What ICT technologies/applications do you plan to add in the near future?
Steria's agenda is to further enhance the mobility of its employees, extending it to outside the physical location. On the unified communications roadmap the policy based secure connectivity from mobile computers to Steria infrastructure will further be extended thus converging voice, video and data. The user mobility and presence, unified messaging, collaboration and conferencing, contact center and CRM tools and application management are to be extended to all the Indian centers in a meticulously thought out manner.

How do you think 3G technologies will help you?
Steria intends to explore these to increase employee secure mobility thus converging the data, voice and video together on the end point. We are working on a proof of concept to bridge the application extension to mobile telephony, increasing secure connectivity while decreasing dependency on relatively high power laptop devices.

What are your expectations from telecom vendors to help run your company efficiently and smoothly?

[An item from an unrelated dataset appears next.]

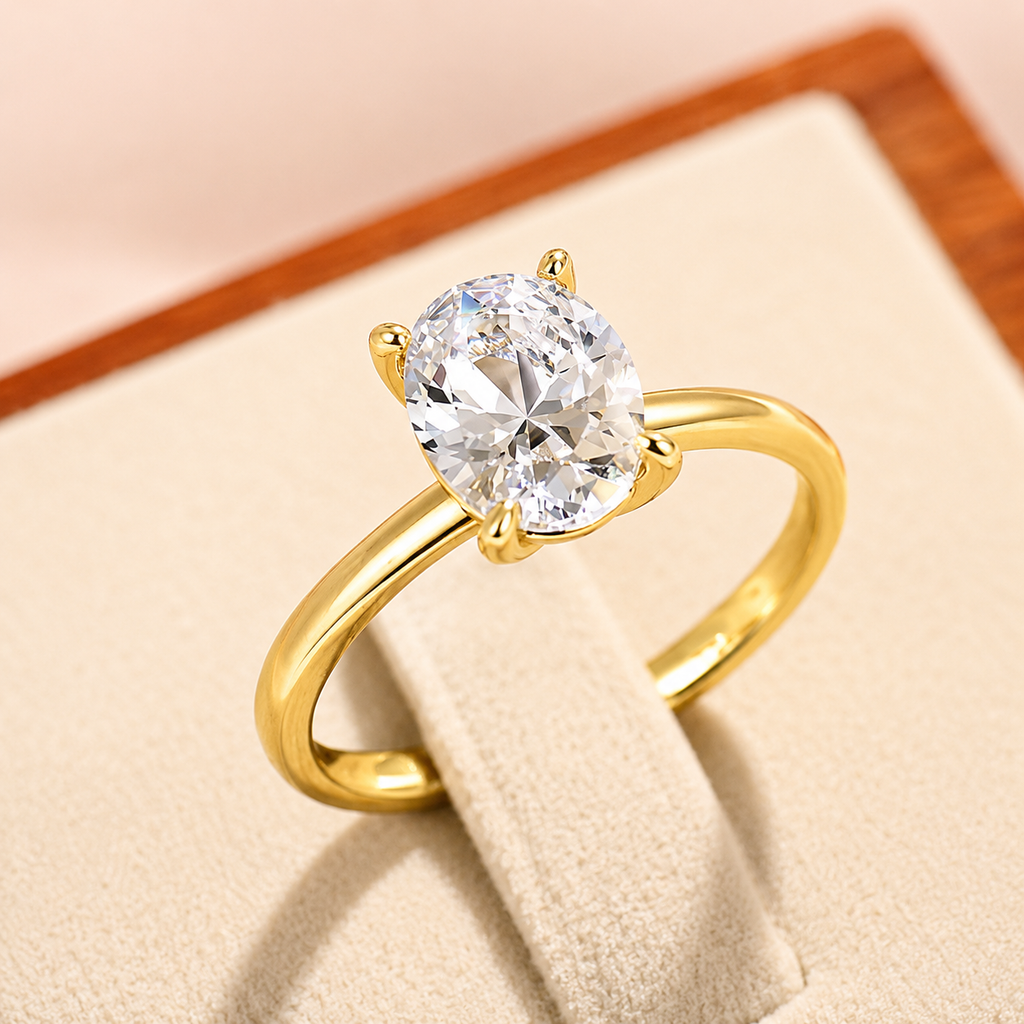 4-Prong Oval Cut Solitaire Moissanite Ring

Steria wishes the partner service providers to offer more remote connectivity tools which can observe the traffic up time pro-actively. At the same time Internet has to be made cheaper and commercially viable in India. At the same time the infrastructure supporting it also needs overhauling as downtimes have adverse impact on business as well as the country's reputation. High speed Internet needs to be extended to commercially sensitive Indian households enabling secure virtual offices to expand thus achieving greener IT for India.